Es kam alles anders. Charlotte erwischte einen katastrophalen Saisonstart (6-19). Stephenson war einer der Hauptgründe für die sportliche Misere. Er und sein Backcourt-Partner Walker standen sich oft gegenseitig auf den Füßen herum. Das Spiel der beiden ball-dominanten Guards konnte zu keinem Zeitpunkt miteinander harmonieren. 

Als wären die sportlichen Querelen nicht genug, verletzte sich Stephenson im Dezember auch noch und fiel knapp einen Monat aus. Genau zu diesem Zeitpunkt begannen sich die Hornets zu finden, gewannen neun ihrer 14 Begegnungen und flogen so zumindest wieder an die eigentlich fest verbuchten Playoff-Plätze heran. 
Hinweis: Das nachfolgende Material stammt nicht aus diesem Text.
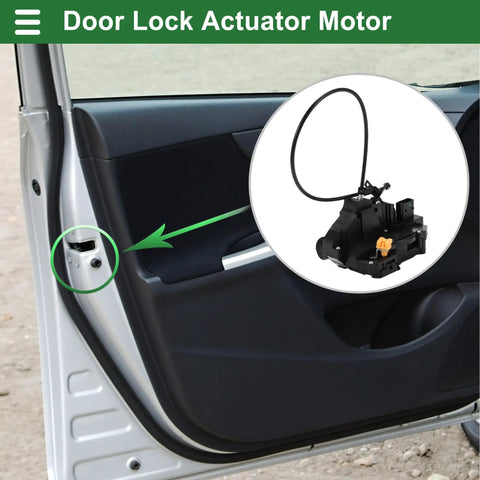 Rear Left Driver Side Power Door Lock Actuator Motor Door Latch Assembly For Chevrolet HHR 2008 2011 With Cable 20791794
Stephenson hatte da seinen Platz in der Startformation längst an Gerald Henderson verloren - und bekam ihn auch nicht mehr zurück. Wer will's Coach Clifford verdenken? Die Trefferquoten von Stephenson in der aktuellen Spielzeit sind unterirdisch: 37% aus dem Feld, 15% von Downtown und 59% von der Linie. Auch defensiv setzt der Flügelspieler oft nicht das um, was der Coach von ihm verlangt.


Dass der unstete Stephenson im Training schon lauthals mit Clifford und einigen seiner Mitspieler aneinander geraten sein soll, überrascht nach all den On-Court und Off-Court Episoden während seiner Zeit in Indiana sicherlich niemanden mehr. Dass einer der begehrtesten Free Agents allerdings auf der Bank versauert ist, irgendwie schon. 

Das Kapitel „Lance Brings Back the Buzz“ könnte in der Tat schon nach wenigen Monaten wieder abgeschlossen sein. Der wilde Derwisch aus Coney Island wird sich vielleicht eine neue Wohnung suchen müssen - in einer anderen Stadt. Immer wieder kommen Gerüchte auf, die dem verlorenen Sohn den Weg in die Heimat zeigen: zu den Brooklyn Nets. Ein Deal für Joe Johnson war schon fast beschlossene Sache, ehe die Nets eine Bedenkpause einforderten. Auch ein Brook Lopez für Stephenson Trade war schon ernsthaft im Gespräch Bis zur Deadline sind es noch knapp zwei Tage - gut möglich also, dass die Verhandlungen bis dahin wieder aufgenommen werden. 

Wer auch immer Stephenson akquiriert, muss sich sicher sein, dass seine junge, überenthusiastische und zuweilen teamschädliche Art irgendwann in naher Zukunft von einem reiferen, demütigeren Vollzeitprofi eingezäumt wird. Die Qualitäten sind sicherlich vorhanden - bringen einem Team aber nur etwas, wenn sie richtig kanalisiert werden.